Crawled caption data
▽

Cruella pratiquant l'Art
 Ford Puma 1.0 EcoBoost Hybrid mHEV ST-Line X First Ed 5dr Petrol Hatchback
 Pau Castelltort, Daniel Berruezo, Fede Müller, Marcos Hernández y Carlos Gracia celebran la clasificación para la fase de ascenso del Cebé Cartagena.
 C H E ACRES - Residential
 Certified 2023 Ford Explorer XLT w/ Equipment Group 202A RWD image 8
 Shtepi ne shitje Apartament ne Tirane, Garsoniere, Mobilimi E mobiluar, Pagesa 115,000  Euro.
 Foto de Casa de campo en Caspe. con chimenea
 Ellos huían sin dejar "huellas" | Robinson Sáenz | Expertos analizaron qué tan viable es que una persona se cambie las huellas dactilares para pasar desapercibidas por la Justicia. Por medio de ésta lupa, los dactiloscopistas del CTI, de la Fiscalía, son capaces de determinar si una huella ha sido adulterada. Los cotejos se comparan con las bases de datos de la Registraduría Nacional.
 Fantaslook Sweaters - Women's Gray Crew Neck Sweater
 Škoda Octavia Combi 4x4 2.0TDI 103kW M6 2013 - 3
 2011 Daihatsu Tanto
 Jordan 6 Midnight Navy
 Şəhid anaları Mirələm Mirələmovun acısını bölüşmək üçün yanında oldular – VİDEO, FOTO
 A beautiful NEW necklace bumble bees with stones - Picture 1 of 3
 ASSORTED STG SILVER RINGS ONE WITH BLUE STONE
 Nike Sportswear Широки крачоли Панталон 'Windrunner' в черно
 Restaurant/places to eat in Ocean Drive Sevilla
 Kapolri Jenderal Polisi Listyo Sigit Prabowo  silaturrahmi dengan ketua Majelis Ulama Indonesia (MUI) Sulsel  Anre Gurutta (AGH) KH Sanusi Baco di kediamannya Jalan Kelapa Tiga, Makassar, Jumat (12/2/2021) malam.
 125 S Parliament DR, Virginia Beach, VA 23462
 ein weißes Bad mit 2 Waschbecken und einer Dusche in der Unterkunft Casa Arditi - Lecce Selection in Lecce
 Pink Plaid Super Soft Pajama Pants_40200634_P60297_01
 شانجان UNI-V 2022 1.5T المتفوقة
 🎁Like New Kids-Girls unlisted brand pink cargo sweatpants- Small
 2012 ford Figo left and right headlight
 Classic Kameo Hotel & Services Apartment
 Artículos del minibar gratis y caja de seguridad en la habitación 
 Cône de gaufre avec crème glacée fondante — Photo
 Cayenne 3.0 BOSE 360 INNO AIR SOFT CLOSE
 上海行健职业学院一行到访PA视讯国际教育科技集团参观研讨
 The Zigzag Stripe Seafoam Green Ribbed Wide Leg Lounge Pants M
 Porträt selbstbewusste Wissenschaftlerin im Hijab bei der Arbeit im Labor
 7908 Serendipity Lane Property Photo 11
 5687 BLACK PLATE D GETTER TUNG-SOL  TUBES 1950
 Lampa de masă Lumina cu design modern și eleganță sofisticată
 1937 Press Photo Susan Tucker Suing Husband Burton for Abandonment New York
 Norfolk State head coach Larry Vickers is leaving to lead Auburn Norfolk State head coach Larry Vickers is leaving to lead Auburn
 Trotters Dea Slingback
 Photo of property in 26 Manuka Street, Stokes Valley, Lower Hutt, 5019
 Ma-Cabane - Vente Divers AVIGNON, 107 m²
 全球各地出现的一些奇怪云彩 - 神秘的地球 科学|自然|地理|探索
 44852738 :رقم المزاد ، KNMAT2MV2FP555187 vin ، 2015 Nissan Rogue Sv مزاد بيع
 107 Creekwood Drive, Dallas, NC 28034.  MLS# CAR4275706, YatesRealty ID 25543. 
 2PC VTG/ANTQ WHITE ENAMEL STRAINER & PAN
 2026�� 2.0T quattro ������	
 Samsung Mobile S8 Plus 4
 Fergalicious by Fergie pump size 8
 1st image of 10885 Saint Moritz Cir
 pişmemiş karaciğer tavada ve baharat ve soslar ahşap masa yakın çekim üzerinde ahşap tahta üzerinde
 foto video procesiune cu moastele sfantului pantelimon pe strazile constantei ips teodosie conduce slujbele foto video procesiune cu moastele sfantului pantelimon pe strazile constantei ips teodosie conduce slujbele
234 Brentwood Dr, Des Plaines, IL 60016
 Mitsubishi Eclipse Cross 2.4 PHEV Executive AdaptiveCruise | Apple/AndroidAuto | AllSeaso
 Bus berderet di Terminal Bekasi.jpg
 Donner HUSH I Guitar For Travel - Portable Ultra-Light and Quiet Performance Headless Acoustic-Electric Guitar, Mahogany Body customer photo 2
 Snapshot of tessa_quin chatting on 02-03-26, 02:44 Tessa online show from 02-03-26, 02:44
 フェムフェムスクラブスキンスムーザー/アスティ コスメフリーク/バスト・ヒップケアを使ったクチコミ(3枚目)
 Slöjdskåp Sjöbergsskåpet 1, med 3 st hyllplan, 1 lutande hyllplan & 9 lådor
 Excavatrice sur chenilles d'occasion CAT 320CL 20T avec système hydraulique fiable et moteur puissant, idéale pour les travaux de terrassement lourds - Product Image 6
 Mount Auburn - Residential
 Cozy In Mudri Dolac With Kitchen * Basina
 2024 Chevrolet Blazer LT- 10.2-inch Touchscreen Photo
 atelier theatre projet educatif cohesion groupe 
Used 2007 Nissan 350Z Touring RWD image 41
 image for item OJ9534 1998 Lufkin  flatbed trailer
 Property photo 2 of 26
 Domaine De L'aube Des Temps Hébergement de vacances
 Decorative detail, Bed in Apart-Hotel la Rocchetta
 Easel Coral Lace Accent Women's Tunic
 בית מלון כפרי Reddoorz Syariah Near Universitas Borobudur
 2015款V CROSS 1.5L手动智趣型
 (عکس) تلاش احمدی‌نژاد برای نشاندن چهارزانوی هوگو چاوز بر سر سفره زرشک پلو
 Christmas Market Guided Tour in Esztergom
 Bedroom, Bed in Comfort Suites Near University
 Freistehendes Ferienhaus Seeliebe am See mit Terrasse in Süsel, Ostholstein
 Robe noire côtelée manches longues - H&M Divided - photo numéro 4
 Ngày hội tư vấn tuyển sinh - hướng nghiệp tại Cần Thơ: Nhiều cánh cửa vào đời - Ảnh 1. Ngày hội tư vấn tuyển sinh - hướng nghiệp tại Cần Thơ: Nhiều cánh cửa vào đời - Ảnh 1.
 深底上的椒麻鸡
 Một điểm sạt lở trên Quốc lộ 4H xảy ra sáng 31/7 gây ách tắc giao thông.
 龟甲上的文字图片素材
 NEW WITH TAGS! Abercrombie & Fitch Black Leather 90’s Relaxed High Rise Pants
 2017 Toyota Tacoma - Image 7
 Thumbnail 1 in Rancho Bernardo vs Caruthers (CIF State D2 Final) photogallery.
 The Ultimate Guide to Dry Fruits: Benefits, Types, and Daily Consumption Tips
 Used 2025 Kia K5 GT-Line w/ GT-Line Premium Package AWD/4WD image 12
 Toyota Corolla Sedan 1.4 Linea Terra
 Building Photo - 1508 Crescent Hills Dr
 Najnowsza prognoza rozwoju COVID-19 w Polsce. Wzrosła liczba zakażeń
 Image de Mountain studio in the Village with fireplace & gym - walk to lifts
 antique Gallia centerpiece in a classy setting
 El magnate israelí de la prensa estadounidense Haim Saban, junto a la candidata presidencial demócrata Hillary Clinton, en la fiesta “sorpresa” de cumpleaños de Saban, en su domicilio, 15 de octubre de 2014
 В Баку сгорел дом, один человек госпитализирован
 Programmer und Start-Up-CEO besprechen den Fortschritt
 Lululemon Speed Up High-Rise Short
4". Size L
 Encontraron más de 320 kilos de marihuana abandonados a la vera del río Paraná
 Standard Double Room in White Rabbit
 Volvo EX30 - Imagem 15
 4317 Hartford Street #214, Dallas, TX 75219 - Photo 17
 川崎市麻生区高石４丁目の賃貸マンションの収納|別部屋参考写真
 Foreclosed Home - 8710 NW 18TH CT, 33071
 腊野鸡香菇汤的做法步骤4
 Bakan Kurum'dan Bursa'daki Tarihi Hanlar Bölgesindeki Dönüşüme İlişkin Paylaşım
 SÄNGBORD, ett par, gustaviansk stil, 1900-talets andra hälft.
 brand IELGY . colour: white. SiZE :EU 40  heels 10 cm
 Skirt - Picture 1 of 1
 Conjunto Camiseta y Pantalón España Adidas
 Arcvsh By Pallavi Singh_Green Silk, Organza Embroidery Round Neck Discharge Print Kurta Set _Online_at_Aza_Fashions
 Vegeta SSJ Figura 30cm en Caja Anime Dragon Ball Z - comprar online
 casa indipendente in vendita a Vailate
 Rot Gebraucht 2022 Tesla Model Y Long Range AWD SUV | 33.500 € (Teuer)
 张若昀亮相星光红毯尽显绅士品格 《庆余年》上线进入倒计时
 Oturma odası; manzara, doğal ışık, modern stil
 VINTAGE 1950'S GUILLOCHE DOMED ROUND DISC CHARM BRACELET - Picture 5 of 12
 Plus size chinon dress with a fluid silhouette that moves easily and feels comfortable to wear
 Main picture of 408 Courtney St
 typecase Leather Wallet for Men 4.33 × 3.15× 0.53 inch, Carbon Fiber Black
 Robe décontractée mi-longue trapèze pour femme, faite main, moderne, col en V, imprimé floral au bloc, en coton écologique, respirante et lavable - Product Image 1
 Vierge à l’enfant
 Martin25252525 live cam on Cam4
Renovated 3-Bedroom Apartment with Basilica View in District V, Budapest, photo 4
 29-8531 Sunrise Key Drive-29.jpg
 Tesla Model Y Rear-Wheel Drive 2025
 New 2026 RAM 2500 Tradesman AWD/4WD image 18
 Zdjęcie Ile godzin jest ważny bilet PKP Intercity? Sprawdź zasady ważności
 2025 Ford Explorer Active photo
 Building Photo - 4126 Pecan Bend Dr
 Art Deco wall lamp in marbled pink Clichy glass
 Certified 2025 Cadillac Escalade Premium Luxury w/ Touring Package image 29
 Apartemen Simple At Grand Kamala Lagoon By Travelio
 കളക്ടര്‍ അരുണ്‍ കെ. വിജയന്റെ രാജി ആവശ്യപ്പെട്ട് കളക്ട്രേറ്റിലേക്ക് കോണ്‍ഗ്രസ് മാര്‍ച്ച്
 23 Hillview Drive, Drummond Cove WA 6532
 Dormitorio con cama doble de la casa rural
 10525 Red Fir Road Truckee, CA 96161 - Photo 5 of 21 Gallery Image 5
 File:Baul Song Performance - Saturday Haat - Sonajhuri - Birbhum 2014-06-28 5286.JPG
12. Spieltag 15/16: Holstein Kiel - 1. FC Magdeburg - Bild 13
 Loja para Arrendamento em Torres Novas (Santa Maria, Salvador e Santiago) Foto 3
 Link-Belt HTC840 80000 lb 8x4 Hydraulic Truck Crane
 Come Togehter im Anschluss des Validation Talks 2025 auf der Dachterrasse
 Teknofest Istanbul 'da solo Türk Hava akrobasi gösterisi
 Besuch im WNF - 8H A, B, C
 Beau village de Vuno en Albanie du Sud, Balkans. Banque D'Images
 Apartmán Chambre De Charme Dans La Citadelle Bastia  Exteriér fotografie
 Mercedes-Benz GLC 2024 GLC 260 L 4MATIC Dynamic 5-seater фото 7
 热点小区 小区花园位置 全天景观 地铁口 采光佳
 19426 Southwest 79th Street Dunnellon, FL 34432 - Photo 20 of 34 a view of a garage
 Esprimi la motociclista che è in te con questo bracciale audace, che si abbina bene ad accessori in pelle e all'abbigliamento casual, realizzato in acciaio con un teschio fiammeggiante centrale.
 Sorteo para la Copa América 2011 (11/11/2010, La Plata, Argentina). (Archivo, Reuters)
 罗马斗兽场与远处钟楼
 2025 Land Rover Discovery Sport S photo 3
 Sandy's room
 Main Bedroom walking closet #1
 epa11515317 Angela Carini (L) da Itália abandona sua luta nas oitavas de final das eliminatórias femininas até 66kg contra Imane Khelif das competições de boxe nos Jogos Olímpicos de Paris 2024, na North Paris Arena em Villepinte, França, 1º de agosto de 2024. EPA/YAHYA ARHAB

△

Your objective:
Retype only the stretch of lines above starting at the one with "Image de Mountain" and stopping at the one with "4317 Hartford Street", exactly as written, with both kept.

Answer box:
 Image de Mountain studio in the Village with fireplace & gym - walk to lifts
 antique Gallia centerpiece in a classy setting
 El magnate israelí de la prensa estadounidense Haim Saban, junto a la candidata presidencial demócrata Hillary Clinton, en la fiesta “sorpresa” de cumpleaños de Saban, en su domicilio, 15 de octubre de 2014
 В Баку сгорел дом, один человек госпитализирован
 Programmer und Start-Up-CEO besprechen den Fortschritt
 Lululemon Speed Up High-Rise Short
4". Size L
 Encontraron más de 320 kilos de marihuana abandonados a la vera del río Paraná
 Standard Double Room in White Rabbit
 Volvo EX30 - Imagem 15
 4317 Hartford Street #214, Dallas, TX 75219 - Photo 17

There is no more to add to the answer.